[Exercise prompt] The response should reproduce exactly the lines from the top of the listing below through the one that contains "Year-round Acadia Escape", and nothing else; pictures do not belong in it.
[Materials provided]
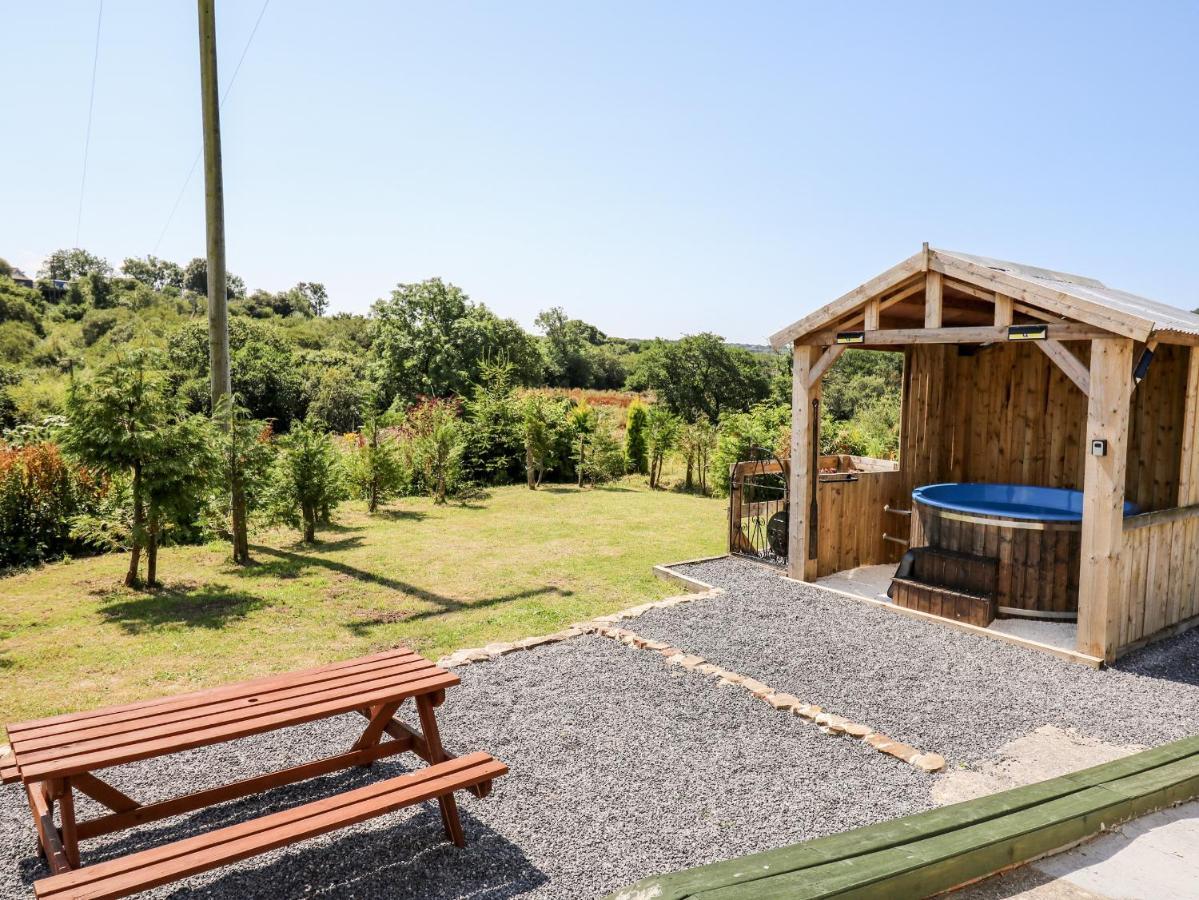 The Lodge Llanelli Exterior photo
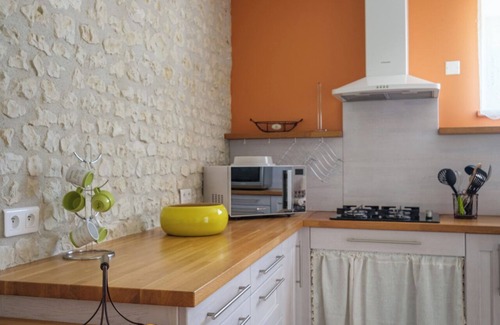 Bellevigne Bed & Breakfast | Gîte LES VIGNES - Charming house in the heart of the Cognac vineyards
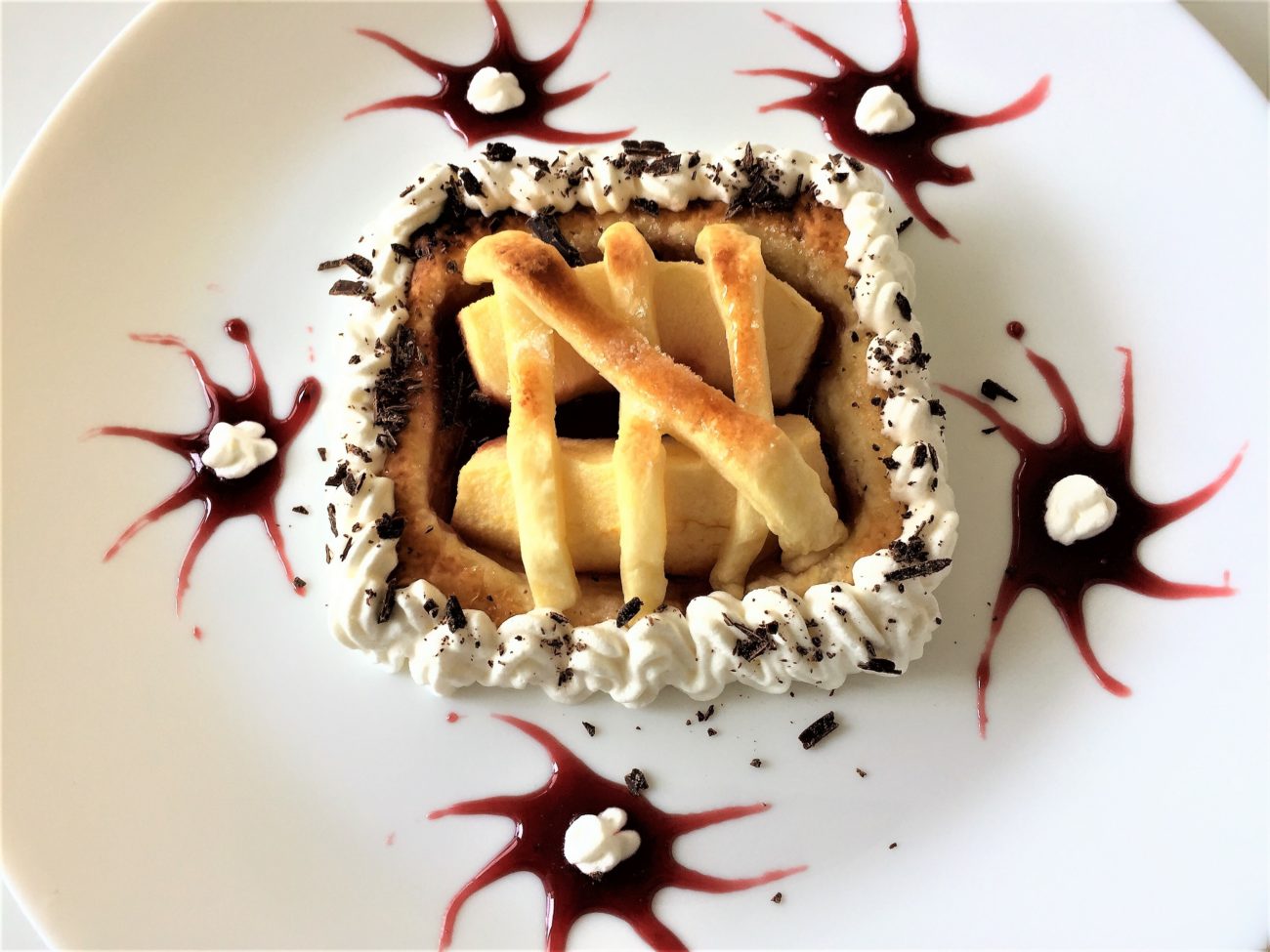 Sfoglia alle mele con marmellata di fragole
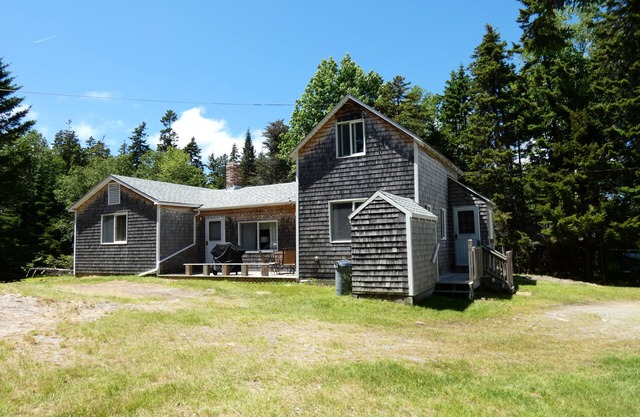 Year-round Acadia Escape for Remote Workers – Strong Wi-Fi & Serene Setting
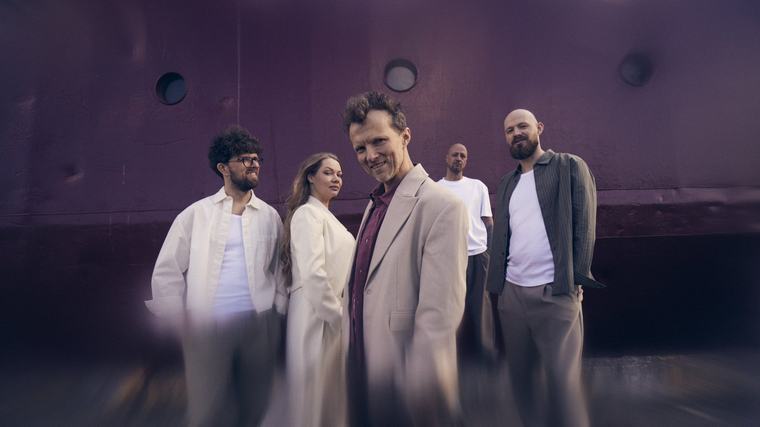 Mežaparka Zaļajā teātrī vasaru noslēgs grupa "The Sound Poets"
[/Materials provided]
[Completed task]
 The Lodge Llanelli Exterior photo
 Bellevigne Bed & Breakfast | Gîte LES VIGNES - Charming house in the heart of the Cognac vineyards
 Sfoglia alle mele con marmellata di fragole
 Year-round Acadia Escape for Remote Workers – Strong Wi-Fi & Serene Setting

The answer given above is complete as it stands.